Wednesday, April 2, 2008

Native Wisdom

One of my favourite books is a non fiction novel entitled 'Bury my heart at wounded knee'. It is factual documentation of how the Native American Indians were displaced and forced to give up their land in the 1800's- and the battles and speeches that accompanied that time. If you havent read this book then you should definitely try and source it and check it out -if only for the incredible historical importance. Native American Indians have always held a special place in my heart and I'd like to share some of their wisdom, in the form of quotes, with you. It is incredible to think that these words are nearly 200 years old and still (if not more so) appropriate today.

-Below are exerpts from Chief Seattle, some from a statement presented to the American Congress in the late 1880's.

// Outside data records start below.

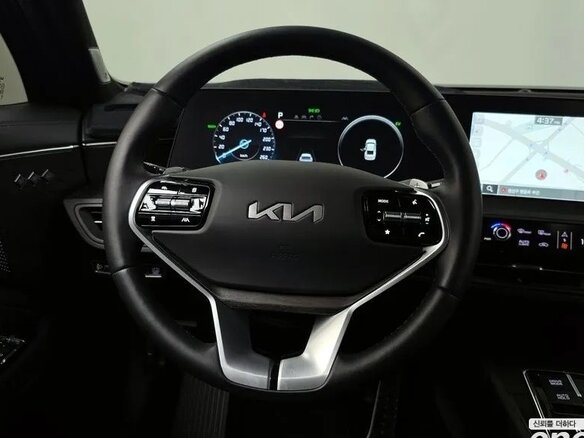 2023 Kia K8 I, серебристый, 7789680 рублей - вид 9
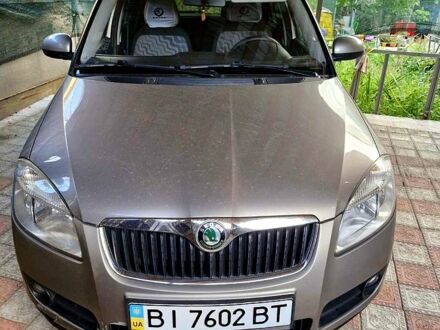 Шкода Фабия 2008 в Полтаве на Automoto.ua Бежевый Шкода Фабия, объемом двигателя 1.2 л и пробегом 189 тыс. км за 4500 $, фото 1 на Automoto.ua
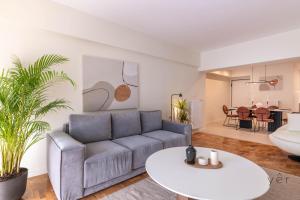 O zonă de relaxare la Large 2Bedroom, 2Bathroom Flat with Dining Space & Free Parking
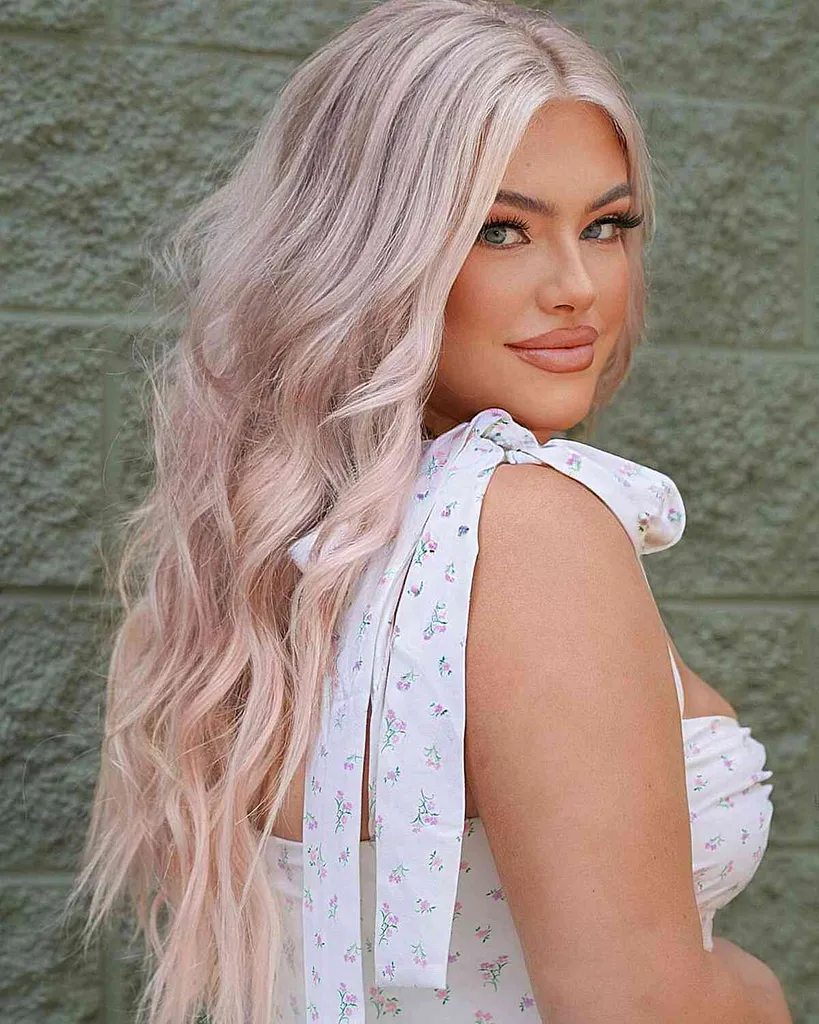 Lys rødme rosa langt hår med lagvis tekstur' title=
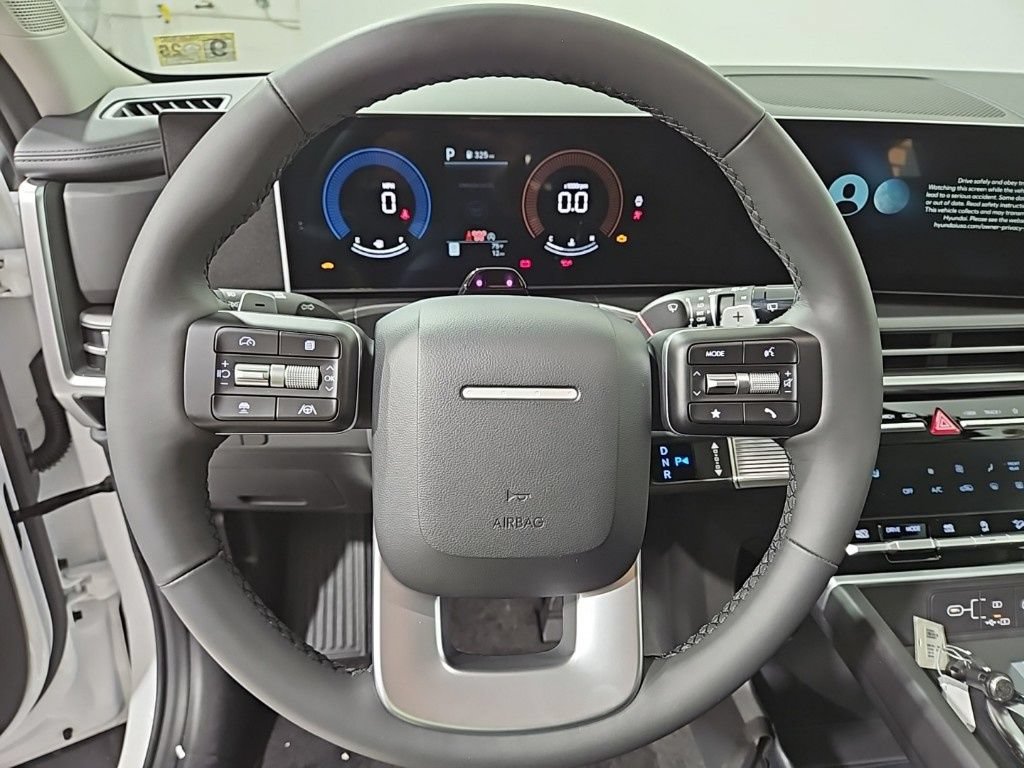 Certified 2025 Hyundai Santa Fe SEL AWD/4WD image 16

We know the white man does not understand our ways, one portion of land is the same to him as the next, but he is a stranger who comes in the night and takes from the land whatever he needs.

The earth is not his brother, but his enemy, and when he has conquered it he moves on.

He leaves his fathers' graves and his childrens' birth rights are forgotten.

He treats his mother the earth, and his brother the sky, as things to be bought, plundered, sold like sheep or beads.

His appetite will devour the earth and leave behind only a desert.

I do not know.

Our ways are different from your ways.

The sight of your cities pains the eyes of the red man but perhaps it's because the red man is a savage and doesnt understand.

There's no quiet place in the white man's cities, no place to hear the unfurling of leaves in spring or the rustle of insects wings.

Bu perhaps it's because I am a savage and do not understand.

The air is precious to the red man, for all things share the same breath.

The beast, the tree, the man, they all share the same breath.

The white man doesnt sem to notice the air he breathes, like a man dying for days, he is numb to the stench.

So we will consider your offer to buy our land, and if we decide to accept will make one condition; the white man must treat the beasts of his land as his brothers. I am a savage and do not understand any other way.

I have seen a thousand rotting buffaloes on the prairie, left by the white man who shot them from a passing train.

Whatever befalls the earth, befalls the sons of the earth. If men spit upon the ground, they spit upon themselves. This we know. The earth doesnt belong to man; man belongs to the earth. Man didnt weave the web of life, he is merely a strand in it.